> [TASK DETAILS]
A word-for-word copy of the lines from the one holding "New 2025 INEOS Grenadier Base image 22" through the final line of the records below is the only output asked for.

> [SUPPLIED RECORDS]
◇ ◇ ◇

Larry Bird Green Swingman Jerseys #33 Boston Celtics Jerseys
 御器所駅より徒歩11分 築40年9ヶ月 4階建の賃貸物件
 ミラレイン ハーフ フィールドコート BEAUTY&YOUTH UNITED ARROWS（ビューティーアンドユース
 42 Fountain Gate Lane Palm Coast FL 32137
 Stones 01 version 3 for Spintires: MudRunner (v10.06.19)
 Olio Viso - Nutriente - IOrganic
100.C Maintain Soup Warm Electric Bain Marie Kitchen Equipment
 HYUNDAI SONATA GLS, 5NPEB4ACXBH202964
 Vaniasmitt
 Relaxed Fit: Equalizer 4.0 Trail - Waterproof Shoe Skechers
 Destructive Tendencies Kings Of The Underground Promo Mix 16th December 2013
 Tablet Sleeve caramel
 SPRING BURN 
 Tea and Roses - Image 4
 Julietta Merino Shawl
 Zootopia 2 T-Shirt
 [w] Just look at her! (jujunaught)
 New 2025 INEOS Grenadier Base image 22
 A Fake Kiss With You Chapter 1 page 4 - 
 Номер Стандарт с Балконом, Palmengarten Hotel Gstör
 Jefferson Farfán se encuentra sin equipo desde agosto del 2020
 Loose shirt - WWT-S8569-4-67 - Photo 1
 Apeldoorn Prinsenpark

◇ ◇ ◇

> [SOLVED PROBLEM]
 New 2025 INEOS Grenadier Base image 22
 A Fake Kiss With You Chapter 1 page 4 - 
 Номер Стандарт с Балконом, Palmengarten Hotel Gstör
 Jefferson Farfán se encuentra sin equipo desde agosto del 2020
 Loose shirt - WWT-S8569-4-67 - Photo 1
 Apeldoorn Prinsenpark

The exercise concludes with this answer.